> _GIVEN RECORDS_
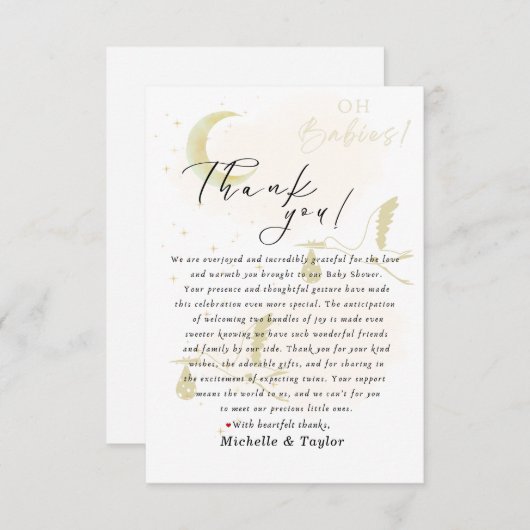 Merci Note Card Oh Babies! Stork Neutral Twins (Devant / Derrière)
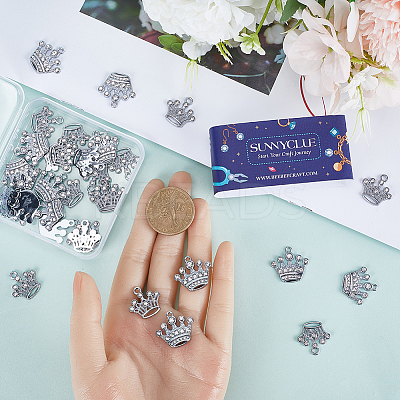 40Pcs 2 Style Zinc Alloy with Crystal Rhinestone Pendants FIND-SC0007-35-1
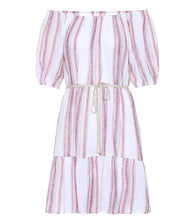 Velvet Cinthia striped linen-blend minidress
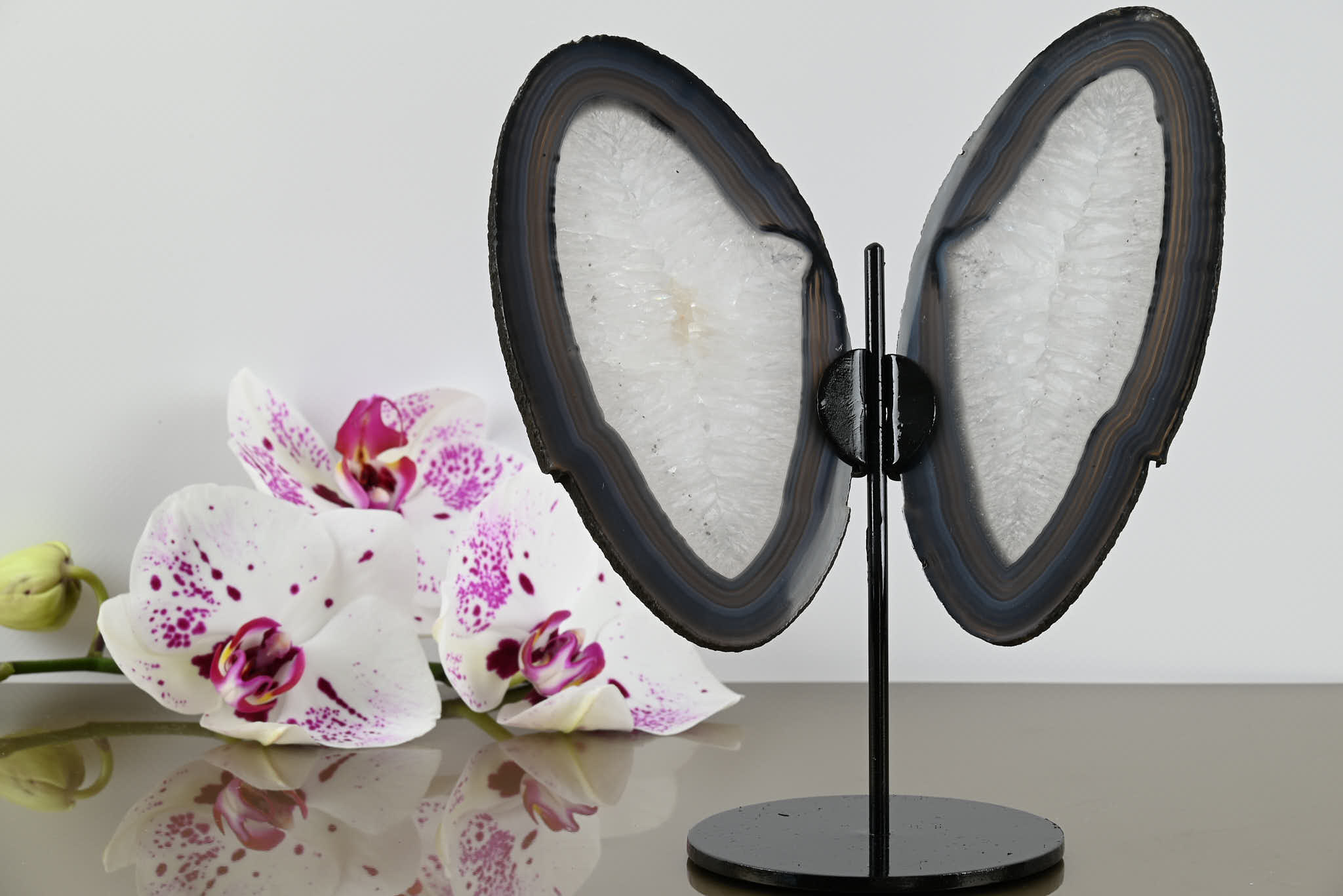 Blue Agate "Butterfly" Slices 14cm Tall - #BUBLUE-10001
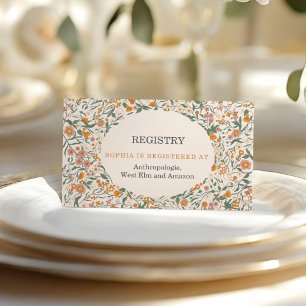 Boho Wildflower Wedding Registry Enclosure Card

> _PROBLEM TO SOLVE_
The lines from the one containing "Velvet Cinthia striped linen-blend minidress" through the final line of the data are to be repeated exactly, with both ends included and all pictures left out.

> _YOUR SOLUTION_
 Velvet Cinthia striped linen-blend minidress
 Blue Agate "Butterfly" Slices 14cm Tall - #BUBLUE-10001
 Boho Wildflower Wedding Registry Enclosure Card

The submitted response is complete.